Bis die ersten grünen Oliven im Oktober geerntet werden können, muss der Olivenbauer eine Menge Vorarbeit leisten, denn eine gesunde und geschmackvolle Olive und hochwertiges Olivenöl stammt von einem gesunden Olivenbaum, der mit Respekt und Liebe gehegt wurde. Allein 25 %-35 % der Produktionskosten bei hochwertigen Ölen entfallen auf die Olivenhainpflege.

Bis ein Olivenbaum seine erste Ernte abwirft, dauert es mehrere Jahre, zur vollen Ernteleistung mindestens 15. Er kann Hitze gut ertragen, Frost weniger, weshalb er sich vor allem in mediterranen Gefilden wohl fühlt. Hat der Olivenbaum die Wintermonate überstanden, wird er im Frühjahr beschnitten. Ein Olivenbaum wird so gezogen, dass er maximal 3 Meter hoch ist, damit die schonende manuelle Ernte mit Leitern noch zu bewerkstelligen ist. Ein konsequenter und fachkundiger Baumschnitt sorgt für Qualität im Olivenöl, denn verwahrloste Bäume oder gar Olivenbüsche ergeben zwar mehr Oliven, diese können aber nicht mehr manuell aus dem Gestrüpp geerntet werden bzw. es müssten die auf den Boden gefallenen überreifen Oliven zur Pressung herhalten.

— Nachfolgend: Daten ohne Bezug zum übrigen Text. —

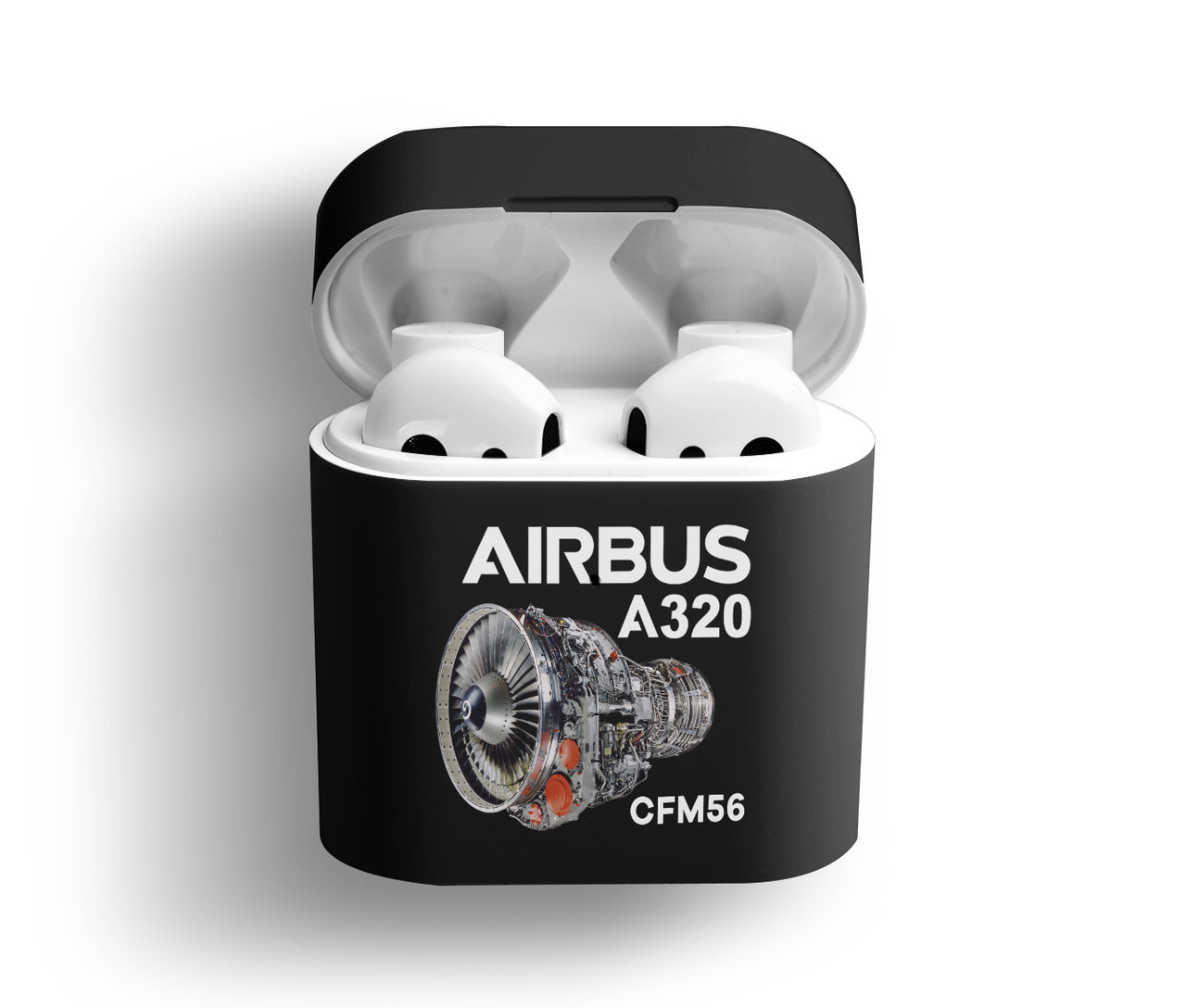 Airbus A320 & CFM56 Engine Designed AirPods  Cases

Für die Qualität des Öles ist neben der Gesundheit des Baumes und dem richtigen Erntezeitpunkt die entsprechende Erntemethode entscheidend. Damit der Baum im Spätsommer nicht von der Olivenfliege befallen wird, verzichtet der umweltbewusste Olivenbauer auf die chemische Giftkeule (Insektizide) und greift zur giftfreien Pheromonfalle, welche die männlichen Fliegen mit Sexuallockstoffen von den Weibchen fernhält. Die rotbraunen Fliegen würde sonst ihre Eier ins Fruchtfleisch legen, die Made das Fruchtfleisch verspeisen, die Frucht zu Boden fallen und verwesen. Damit nicht ganze Olivenhaine zu Tode gespritzt werden, lohnt es sich daher biologisch-zertifizierte Öle zu kaufen, um anderen Nutztierchen und Insekten so ein Leben im biologischen Gleichgewicht in den Olivenhainen zu ermöglichen.

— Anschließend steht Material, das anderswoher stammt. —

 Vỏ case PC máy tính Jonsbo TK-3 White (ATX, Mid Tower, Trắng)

Geerntet wird ab Oktober, wenn die Oliven noch grün am Baum hängen. Der richtige Erntezeitpunkt hängt vor allem am Zuckergehalt der Oliven. Wenn der Zucker in den Oliven zu Fett umgewandelt wird und der Zuckergehalt unter 30 g pro kg sinkt, wird mit der Ernte begonnen, ebenso entscheidend ist der Phenolgehalt. Ein zu hoher Zuckergehalt setzt bei der späteren Ölherstellung enzymatische Prozesse in Gang, die zu Fehlaromen im Öl führen. In der Praxis prüft der versierte Olivenbauer deshalb anhand der leichten Verfärbung (je nach Olivensorte) vom satten ins hellere Grün oder Gelbliche, ob der korrekte Erntezeitpunkt gekommen ist, fährt kleine Testmengen an Oliven in die Ölmühle und prüft deren Geruch und Geschmack.

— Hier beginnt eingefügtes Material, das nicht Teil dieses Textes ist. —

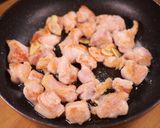 鶏もも肉とアスパラの和風バター醬油炒め作り方3写真
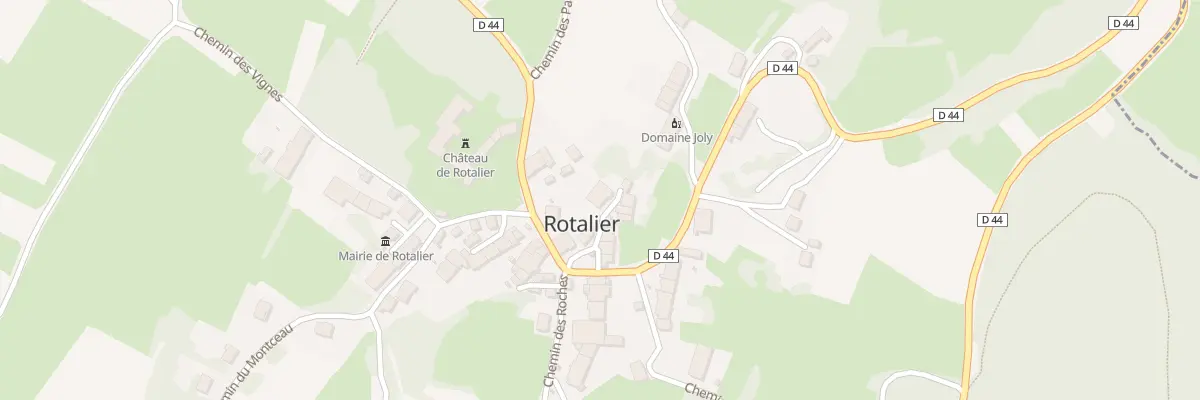 Plan du 5080 Au Village à Rotalier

Ist der richtige Erntezeitpunkt dann ausgemacht, kommen je nach Olivenbauer verschiedene Erntemethoden zum Einsatz, welche letztlich auch über Preis und Qualität bestimmen, denn die schonende Ernte ist kostenintensiv. Hochwertige Öle entstehen eben nicht durch das Zusammenkehren schon zu Boden gefallener Oliven, bei welchen Zersetzungsprozesse begonnen, sich freie Fettsäuren gebildet haben und die von Schädlingen oder Schimmel befallen wurden. Qualität entsteht durch das Ernten grüner Oliven direkt vom Baum. Dies kann entwede händisch passieren oder mithilfe von Teleskop-Stangen und Kämmen. Auch sogenannte Baumrüttler sind für hochwertige Öle geeignet, wo der Stamm des Baumes umfasst und durchgerüttelt wird, und zwar so lange bis die Oliven vom Baum in engmaschige Kunststoffnetze fallen. Dem Abschlagen der Oliven vom Baum mit Stangen ist mit Skepsis zu begegnen, da den Ästen und Oliven Verletzungen und Quetschungen im Fruchtfleisch zugefügt werden, die dann wiederum anfällig für Oxidationsprozesse sind.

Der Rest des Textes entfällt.